Check for duplicate rows and remove them from the dataset.

In [None]:
print("Number of duplicate rows:", df.duplicated().sum())
df.drop_duplicates(inplace=True)
print("Number of duplicate rows after removal:", df.duplicated().sum())

## 11. Standardizing Numerical Features

Apply StandardScaler to numerical features to standardize them for further analysis or modeling.

In [None]:
scaler = StandardScaler()
df[num_vars] = scaler.fit_transform(df[num_vars])
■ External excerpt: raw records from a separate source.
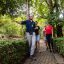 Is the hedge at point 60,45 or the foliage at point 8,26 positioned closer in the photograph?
the hedge at point 60,45

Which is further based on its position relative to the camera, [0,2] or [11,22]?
[11,22]

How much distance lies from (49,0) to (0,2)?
294 inches

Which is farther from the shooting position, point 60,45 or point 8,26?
point 8,26

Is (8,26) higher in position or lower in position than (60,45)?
Result: higher

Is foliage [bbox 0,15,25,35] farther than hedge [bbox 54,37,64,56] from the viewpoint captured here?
Yes

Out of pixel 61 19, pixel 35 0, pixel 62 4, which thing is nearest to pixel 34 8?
pixel 35 0

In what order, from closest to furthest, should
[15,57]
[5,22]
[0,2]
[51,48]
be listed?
[15,57] < [0,2] < [51,48] < [5,22]

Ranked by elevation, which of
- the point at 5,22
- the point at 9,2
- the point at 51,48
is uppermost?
the point at 9,2

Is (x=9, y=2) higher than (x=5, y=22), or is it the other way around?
(x=9, y=2)

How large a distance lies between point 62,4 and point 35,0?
147 inches

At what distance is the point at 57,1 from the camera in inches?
851

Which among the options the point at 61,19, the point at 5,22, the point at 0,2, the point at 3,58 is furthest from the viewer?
the point at 5,22

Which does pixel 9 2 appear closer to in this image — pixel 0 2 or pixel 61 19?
pixel 0 2

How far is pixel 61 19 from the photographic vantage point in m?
19.5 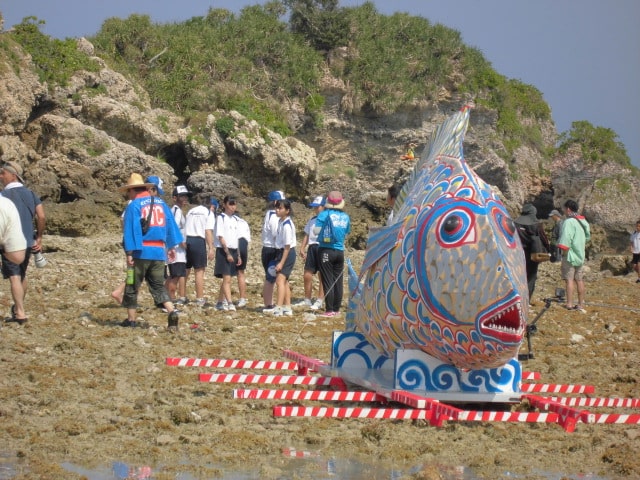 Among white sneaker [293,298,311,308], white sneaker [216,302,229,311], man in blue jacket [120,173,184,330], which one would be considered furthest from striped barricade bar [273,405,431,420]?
white sneaker [293,298,311,308]

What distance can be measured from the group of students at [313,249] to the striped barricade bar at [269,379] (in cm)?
486

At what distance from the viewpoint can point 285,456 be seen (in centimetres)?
593

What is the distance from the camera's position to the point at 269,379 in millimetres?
7402

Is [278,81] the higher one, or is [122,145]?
[278,81]

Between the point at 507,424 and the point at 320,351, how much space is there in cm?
361

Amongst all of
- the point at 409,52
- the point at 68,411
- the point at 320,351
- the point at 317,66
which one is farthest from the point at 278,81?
the point at 68,411

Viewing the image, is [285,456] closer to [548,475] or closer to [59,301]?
[548,475]

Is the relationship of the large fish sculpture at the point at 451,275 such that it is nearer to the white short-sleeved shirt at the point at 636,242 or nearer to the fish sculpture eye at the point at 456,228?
the fish sculpture eye at the point at 456,228

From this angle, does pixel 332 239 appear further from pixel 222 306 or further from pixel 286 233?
pixel 222 306

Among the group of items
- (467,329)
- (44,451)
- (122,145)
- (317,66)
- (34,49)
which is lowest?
(44,451)

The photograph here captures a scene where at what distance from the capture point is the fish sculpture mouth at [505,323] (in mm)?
6367

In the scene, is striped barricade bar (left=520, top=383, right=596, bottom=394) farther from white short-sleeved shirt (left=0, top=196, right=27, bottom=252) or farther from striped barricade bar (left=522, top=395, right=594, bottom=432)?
white short-sleeved shirt (left=0, top=196, right=27, bottom=252)

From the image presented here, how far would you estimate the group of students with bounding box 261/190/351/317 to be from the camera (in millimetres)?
12914

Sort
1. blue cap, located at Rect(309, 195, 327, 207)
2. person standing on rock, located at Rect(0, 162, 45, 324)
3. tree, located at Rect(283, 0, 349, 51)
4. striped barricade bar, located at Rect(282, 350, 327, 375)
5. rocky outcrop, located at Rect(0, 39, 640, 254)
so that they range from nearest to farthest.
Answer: striped barricade bar, located at Rect(282, 350, 327, 375), person standing on rock, located at Rect(0, 162, 45, 324), blue cap, located at Rect(309, 195, 327, 207), rocky outcrop, located at Rect(0, 39, 640, 254), tree, located at Rect(283, 0, 349, 51) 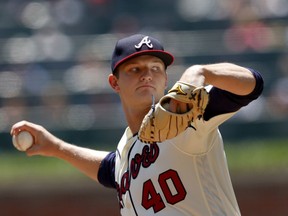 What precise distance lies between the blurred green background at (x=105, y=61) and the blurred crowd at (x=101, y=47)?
14mm

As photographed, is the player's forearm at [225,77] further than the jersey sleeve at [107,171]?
No

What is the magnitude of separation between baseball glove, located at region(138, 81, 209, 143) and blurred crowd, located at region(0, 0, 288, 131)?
22.8ft

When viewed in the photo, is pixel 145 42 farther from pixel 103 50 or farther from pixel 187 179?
pixel 103 50

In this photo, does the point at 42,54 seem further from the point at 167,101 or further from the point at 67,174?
the point at 167,101

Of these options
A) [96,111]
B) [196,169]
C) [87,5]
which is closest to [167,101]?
[196,169]

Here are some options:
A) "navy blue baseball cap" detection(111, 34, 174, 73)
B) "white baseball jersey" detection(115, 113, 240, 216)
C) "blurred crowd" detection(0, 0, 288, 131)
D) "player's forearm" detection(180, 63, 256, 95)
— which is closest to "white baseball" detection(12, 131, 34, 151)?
"navy blue baseball cap" detection(111, 34, 174, 73)

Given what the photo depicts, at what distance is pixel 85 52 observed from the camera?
1053 centimetres

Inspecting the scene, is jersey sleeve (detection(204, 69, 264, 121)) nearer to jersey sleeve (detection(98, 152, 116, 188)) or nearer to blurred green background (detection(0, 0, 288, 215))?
jersey sleeve (detection(98, 152, 116, 188))

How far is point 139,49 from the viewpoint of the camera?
3.71 metres

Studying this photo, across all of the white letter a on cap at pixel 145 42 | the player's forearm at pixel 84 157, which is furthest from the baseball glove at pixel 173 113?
the player's forearm at pixel 84 157

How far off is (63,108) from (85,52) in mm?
1010

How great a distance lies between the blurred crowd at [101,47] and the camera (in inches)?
391

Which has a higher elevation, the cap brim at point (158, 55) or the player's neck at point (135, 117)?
the cap brim at point (158, 55)

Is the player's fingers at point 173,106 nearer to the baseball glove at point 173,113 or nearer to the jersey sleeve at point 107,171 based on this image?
the baseball glove at point 173,113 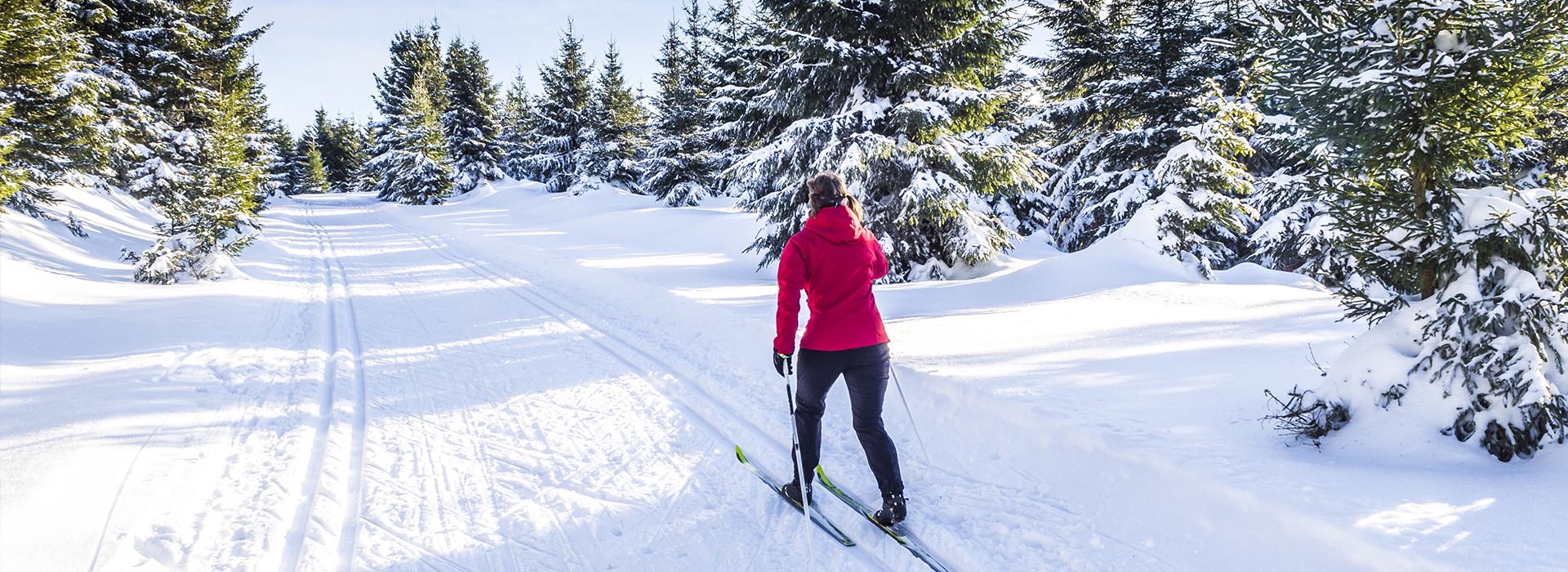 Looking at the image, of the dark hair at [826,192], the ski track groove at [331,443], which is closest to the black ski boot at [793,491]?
the dark hair at [826,192]

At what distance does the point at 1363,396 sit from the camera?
386 centimetres

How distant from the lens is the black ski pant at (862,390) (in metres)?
3.56

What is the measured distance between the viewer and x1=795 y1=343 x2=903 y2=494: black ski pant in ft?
11.7

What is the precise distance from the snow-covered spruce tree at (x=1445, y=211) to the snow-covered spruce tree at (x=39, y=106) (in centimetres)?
1253

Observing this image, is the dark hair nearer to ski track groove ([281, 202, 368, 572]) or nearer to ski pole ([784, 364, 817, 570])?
→ ski pole ([784, 364, 817, 570])

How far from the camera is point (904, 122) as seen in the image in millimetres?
10609

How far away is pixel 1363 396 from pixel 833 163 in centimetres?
757

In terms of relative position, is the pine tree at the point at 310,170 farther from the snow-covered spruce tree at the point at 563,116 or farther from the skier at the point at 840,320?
the skier at the point at 840,320

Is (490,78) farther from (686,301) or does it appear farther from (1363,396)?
(1363,396)

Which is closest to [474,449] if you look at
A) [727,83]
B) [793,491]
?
[793,491]

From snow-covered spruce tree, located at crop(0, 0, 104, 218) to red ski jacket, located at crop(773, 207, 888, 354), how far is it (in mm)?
9793

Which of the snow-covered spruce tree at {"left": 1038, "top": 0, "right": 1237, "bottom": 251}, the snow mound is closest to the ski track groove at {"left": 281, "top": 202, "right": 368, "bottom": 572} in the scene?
the snow mound

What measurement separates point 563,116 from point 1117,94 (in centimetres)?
2799

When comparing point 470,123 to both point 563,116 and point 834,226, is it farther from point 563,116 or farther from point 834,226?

## 12. Categorical Variable Encoding

Encode boolean categorical variables as 0/1 and apply label encoding to other categorical variables.

In [None]:
# Boolean encoding
for col in df.select_dtypes(include='bool').columns:
    df[col] = df[col].astype(int)

# Label encoding for object type categorical variables
le = LabelEncoder()
for col in df.select_dtypes(include='object').columns:
    df[col] = le.fit_transform(df[col])

## 13. Feature Engineering

Engineer new features or transform existing ones as needed for modeling.

In [None]:
# Example: No new features engineered in this workflow, but this is where you would add them.
# df['New_Feature'] = df['Some_Column'] * 2

## 14. Feature Importance Analysis

Use RandomForestClassifier to determine feature importances, visualize the top features, and select the most relevant ones for modeling.

In [None]:
# Assuming 'Food_Name' is the target variable for demonstration
X = df.drop(columns=['Food_Name'])
y = df['Food_Name']

rf = RandomForestClassifier(n_estimators=250, random_state=42)
rf.fit(X, y)
importances = rf.feature_importances_
feature_names = X.columns

# Create a DataFrame for visualization
feat_imp_df = pd.DataFrame({
    'Feature': feature_names,
    'Importance': importances * 100
}).sort_values('Importance', ascending=False)

In [None]:
# Visualize top features
plt.figure(figsize=(10, 6))
sns.barplot(x='Importance', y='Feature', data=feat_imp_df.head(9), palette='viridis')
plt.title('Top 9 Feature Importance Scores')
plt.xlabel('Importance Score (%)')
plt.ylabel('Features')
plt.tight_layout()
plt.show()

---

**Summary:**  
This notebook covered the end-to-end preprocessing and EDA workflow for the food nutrition dataset, including data cleaning, visualization, feature engineering, and feature importance analysis. The processed data is now ready for model building and further analysis.